The standard programme ran eleven to fourteen courses across approximately two hours, with the courses delivered to the table in the prescribed order (the more egalitarian “service à la russe” rather than the older simultaneous family-table service). Each diner received each course; there was no choice within a course; the menu card was a programme, not a selection. What is striking to a modern reader is how little this resembles a modern restaurant dinner and how much it resembles a formal banquet.
Course by Course
- Hors-d’œuvres. A small cold plate: caviar, smoked salmon, small radishes, occasionally an olive selection. Served at table; eaten while champagne or a chilled sherry was poured.
- Soup. One clear consommé (consommé royale, consommé brunoise) and frequently one creamed alternative offered concurrently. The clear soup was the standard for the more formal table.
- Fish. Typically a poached or grilled white fish in a cream sauce: sole Mornay, turbot hollandaise, fillet of cod in shrimp sauce. A continental wine course shifted here from sherry to a dry white (a Chablis, a Moselle, a Pouilly).

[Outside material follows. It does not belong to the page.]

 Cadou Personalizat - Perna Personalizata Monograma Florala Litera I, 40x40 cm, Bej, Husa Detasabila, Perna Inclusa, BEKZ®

- First entrée (relevé). A substantial course: a saddle of lamb, a fillet of beef, a galantine of duck. This was the dinner’s structural anchor.
- Second entrée (entrée proper). A lighter preparation: sweetbreads, a small ragout, quenelles of poultry. The contrast against the previous course was deliberate.

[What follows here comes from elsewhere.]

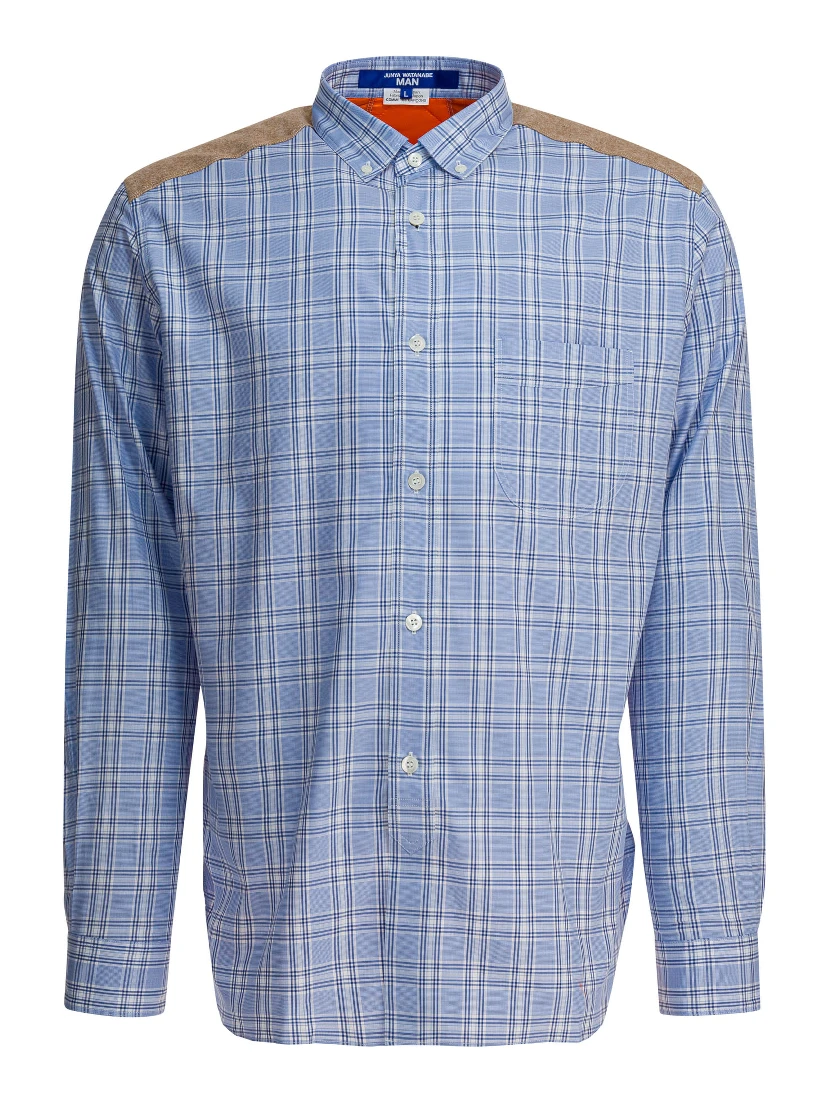 Check shirt with quilted inserts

- Roast. A roasted meat or bird: roast lamb, roast chicken, roast pheasant. Served with seasonal vegetables and a gravy from the pan. By 1900 this course was often where the most substantial wine of the evening appeared (a claret, a burgundy).
- Game (when in season). An additional roasted course of game bird: partridge, grouse, quail, snipe. Served only between roughly August and February; omitted in the spring and summer crossings.
- Cold dishes. A platter of cold meats, foie gras, cold ham, occasionally a galantine. Often served buffet-style at the head of the table.
- Salad. A simple dressed green salad. The salad came late, between the cold dishes and the dessert, in the formal continental order — not at the beginning, in the American manner that would not standardise until the 1920s.
- Dessert. A pastry, a soufflé, an ice, a crème caramel. The dessert was usually a single composed dish rather than a selection.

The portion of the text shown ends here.